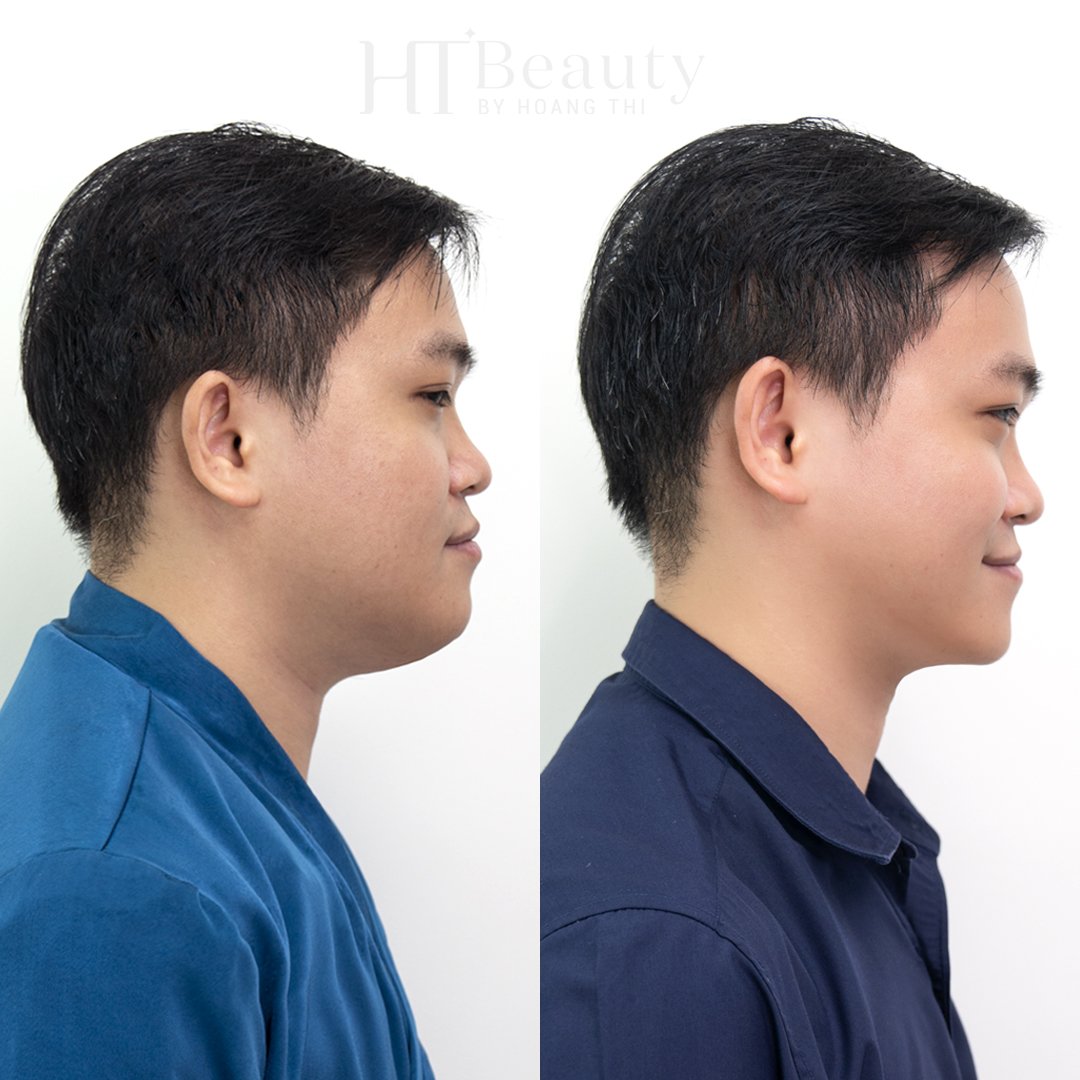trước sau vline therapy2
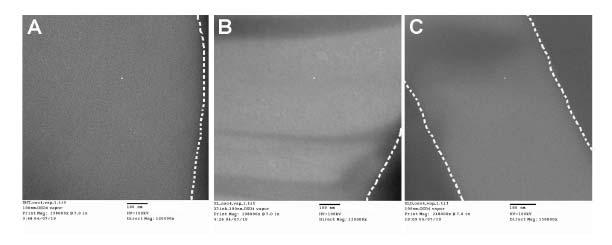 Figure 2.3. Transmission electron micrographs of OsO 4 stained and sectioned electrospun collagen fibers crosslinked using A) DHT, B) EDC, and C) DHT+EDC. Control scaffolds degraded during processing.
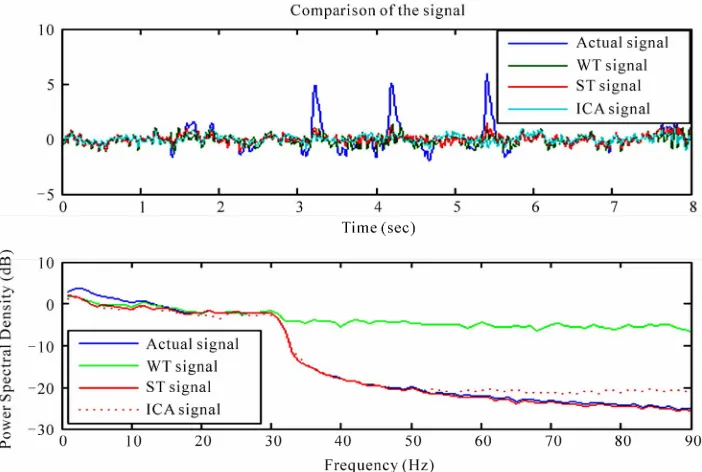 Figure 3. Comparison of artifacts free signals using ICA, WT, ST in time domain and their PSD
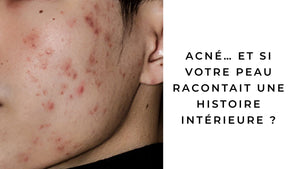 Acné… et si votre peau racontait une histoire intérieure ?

• _PROBLEM_: Every line from the one holding "Figure 3. Comparison" through the final line of the data above is to be reproduced exactly, both ends included, with the pictures left out.

• _FINAL ANSWER_:
 Figure 3. Comparison of artifacts free signals using ICA, WT, ST in time domain and their PSD
 Acné… et si votre peau racontait une histoire intérieure ?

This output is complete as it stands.